Content starts

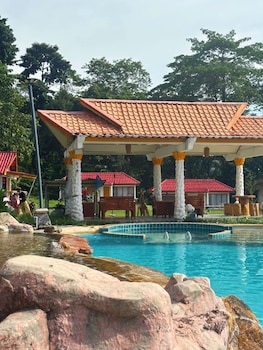 koh chang cabana hotel with swiming pool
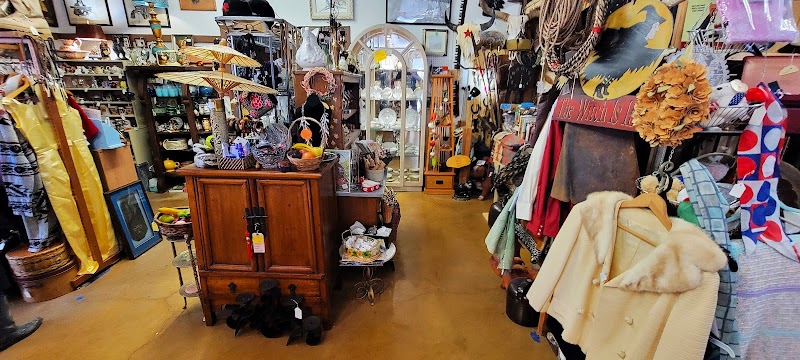 Tombstone Antique Mall photo 3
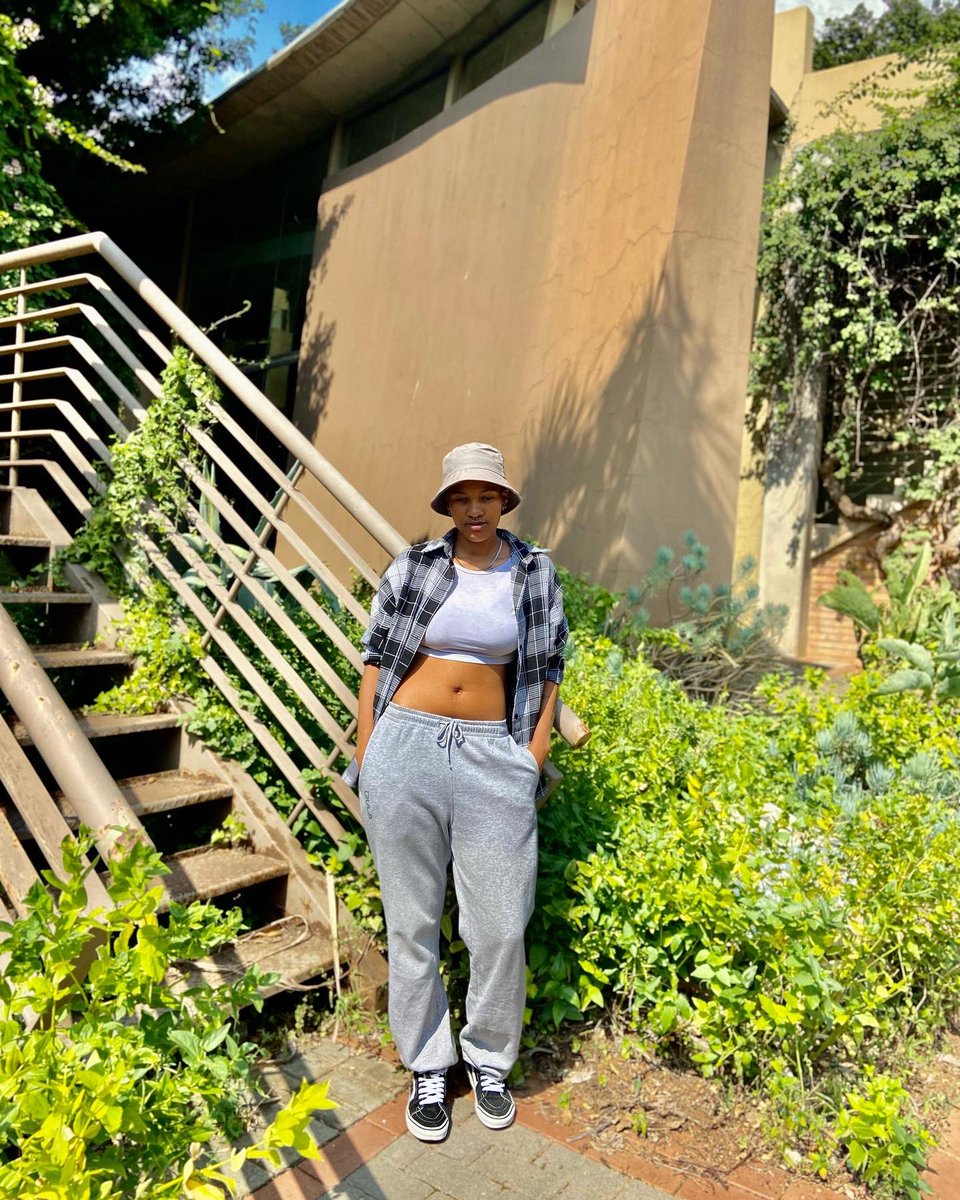 Kween_Zizipho's tweet photo. Greeting you in the name of studs who wear crop tops. https://t.co/9IS0palb2U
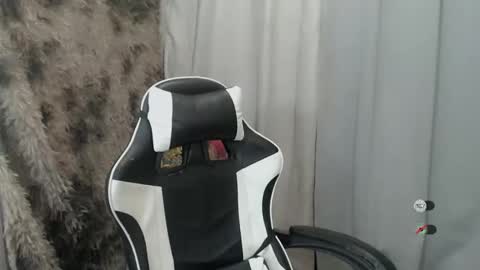 mayasally_ online show from December 2025 06:42:02 AM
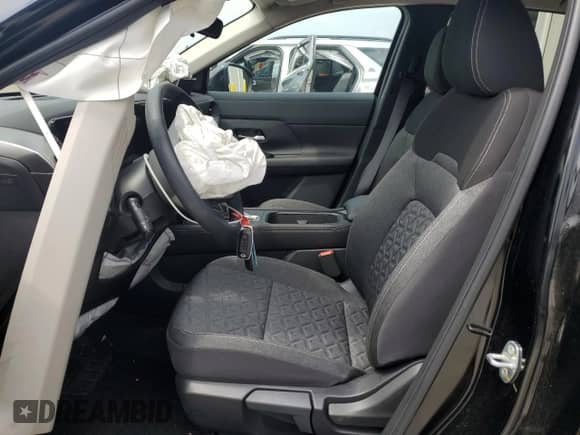 2025 Nissan Kicks SV with VIN 3N8AP6CB7SL325688, listed as a Copart auction lot 66565935 with 4,361 mi miles and Salvage title. Bid and sale history available at DreamBid. Image 7.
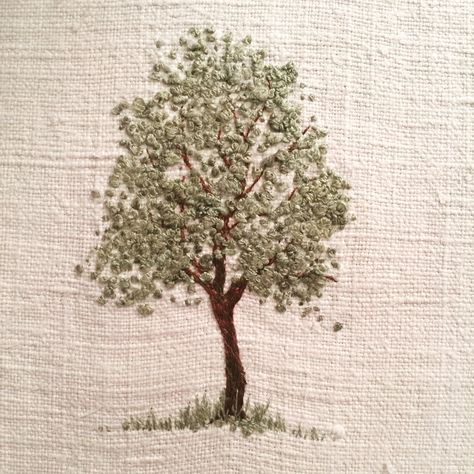 Embroidery Trees, French Knots Embroidery, Knots Embroidery, Landscape Embroidery, Painting On Linen, Knot Embroidery, Embroider Ideas, French Knot Embroidery, Herbaceous Border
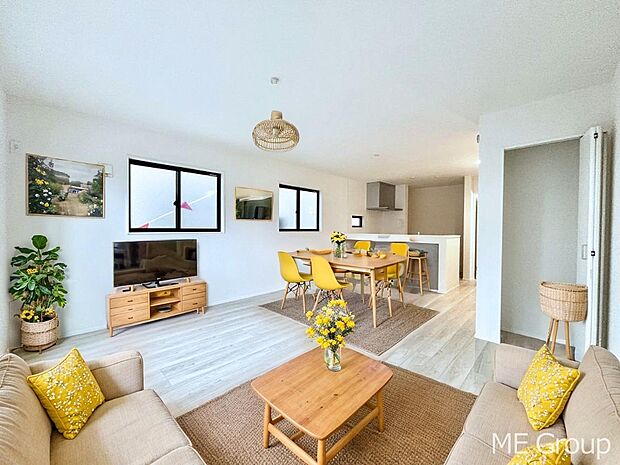 ご家族の賑やかな話し声で包まれる明るいリビング ※家具はCGです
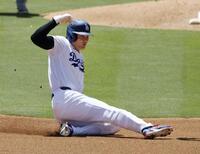 ３回、二盗を決める大谷（共同）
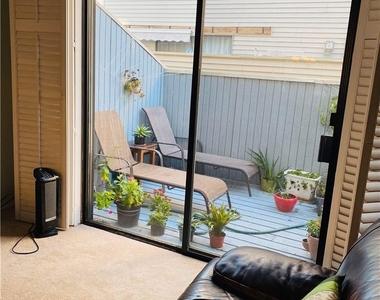 762 W Naomi Avenue - Photo Thumbnail 6
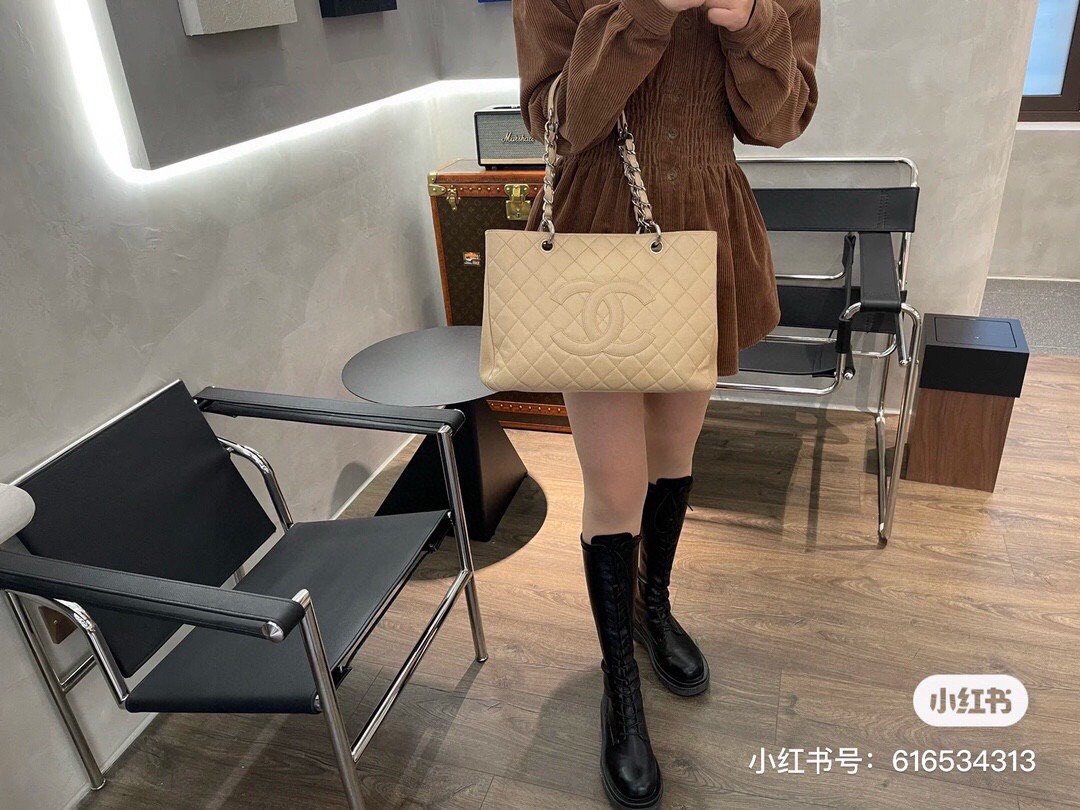 Túi Xách CHANEL Super Caviar Grand Timeless Tote GTT Màu Be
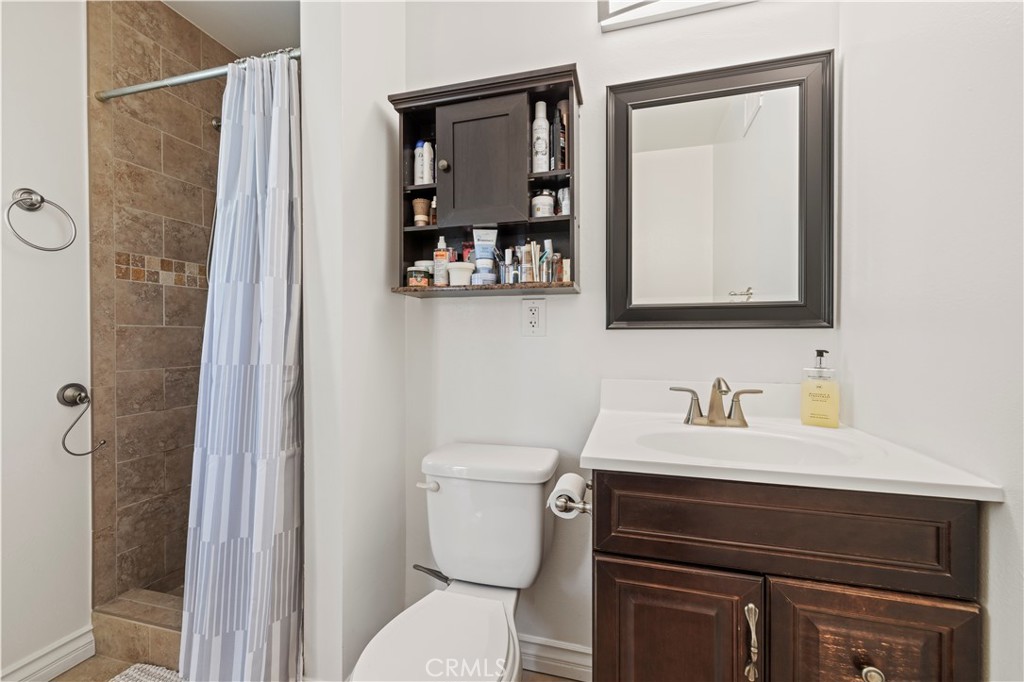 11201 Petit Avenue Property Photo 34
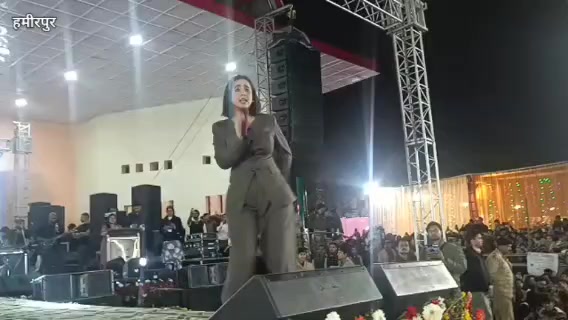 हमीरपुर :पंजाबी गायक सुनंदा शर्मा ने सुरीली आवाज़ से सुजानपुर होली उत्सव में बिखे…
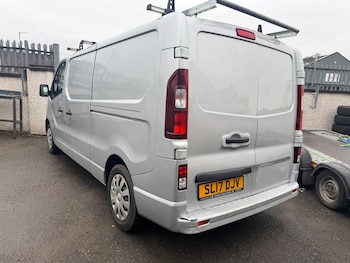 Used Vauxhall Vivaro 2017 for sale - 77040795: Photo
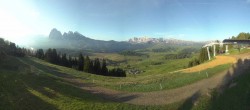 Archiv Foto Webcam Blick über Seiser Alm – Mezdi Bergstation 05:00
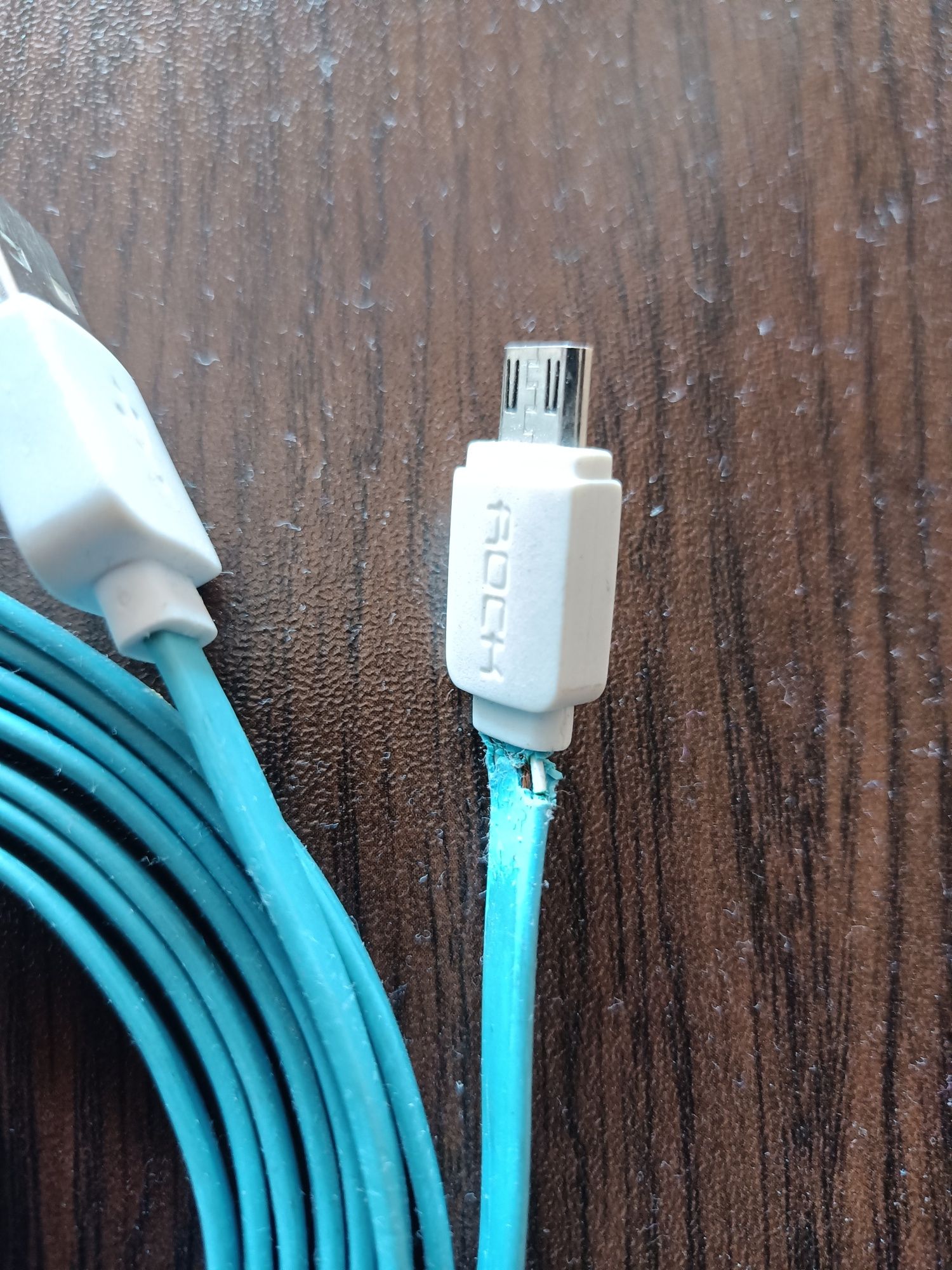 USB кабел 2 метра.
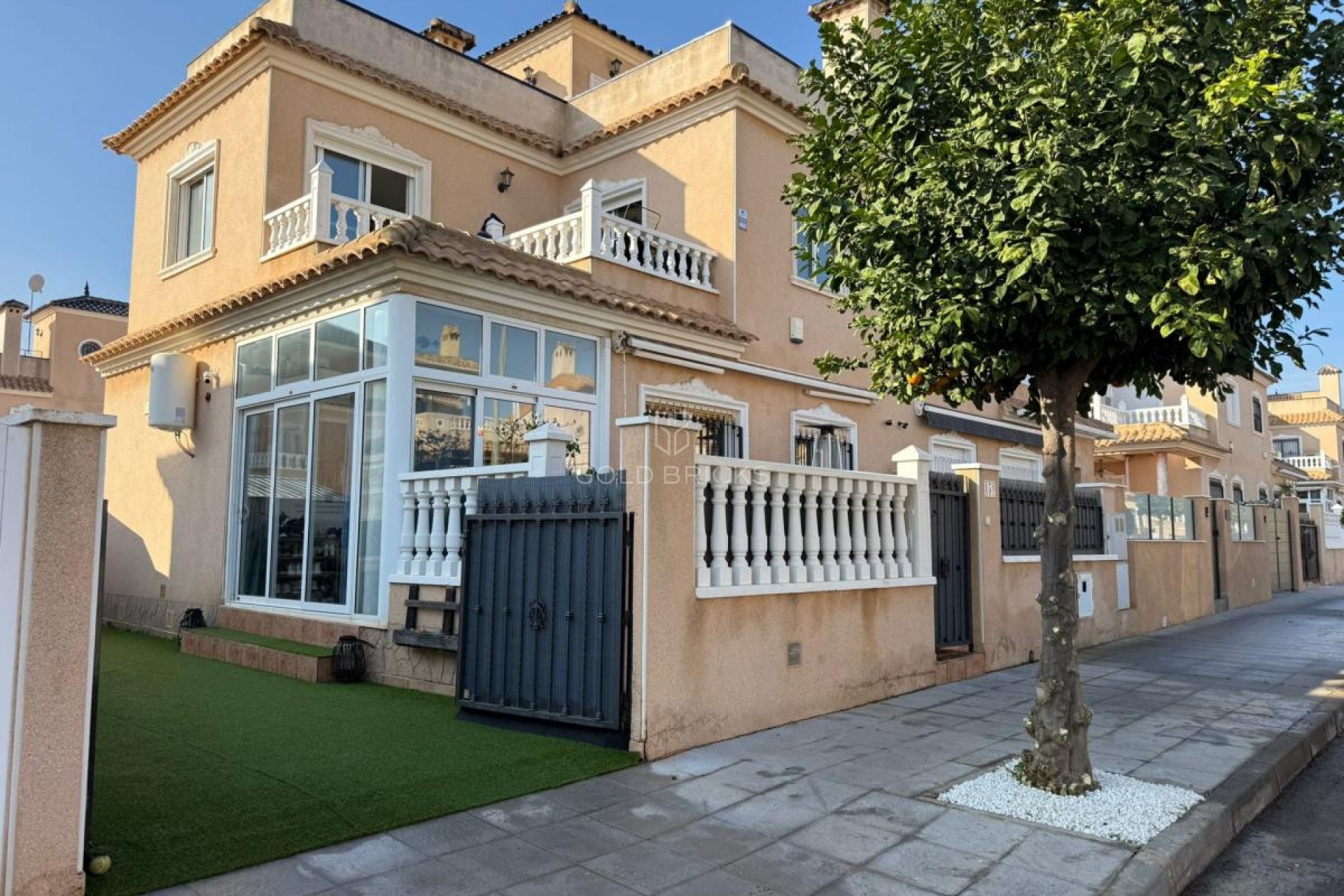 Wederverkoop ·  · Pilar de la Horadada · Torre De La Horadada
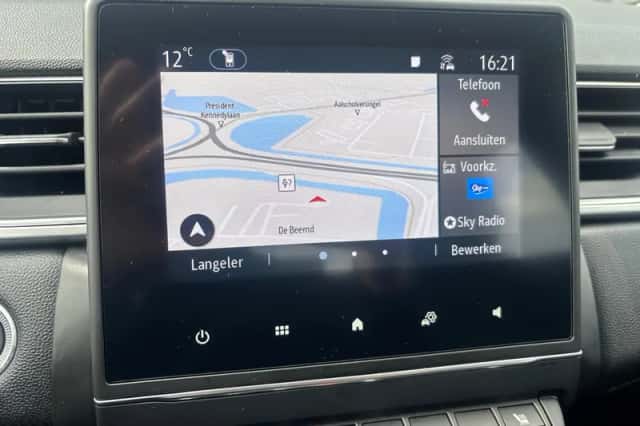 Renault Captur (2021) thumbnail 11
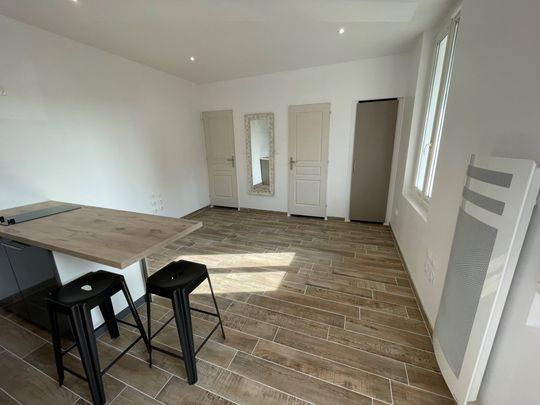 STUDIO 23m² A LOUER FONTAINE - Photo 1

Content ends

■ **WHAT IS REQUIRED**:
Please return only the lines running from the line with "Torre De La Horadada" to the final line of the data, both included, exactly and without any pictures.

■ **RESPONSE BOX**:
 Wederverkoop ·  · Pilar de la Horadada · Torre De La Horadada
 Renault Captur (2021) thumbnail 11
 STUDIO 23m² A LOUER FONTAINE - Photo 1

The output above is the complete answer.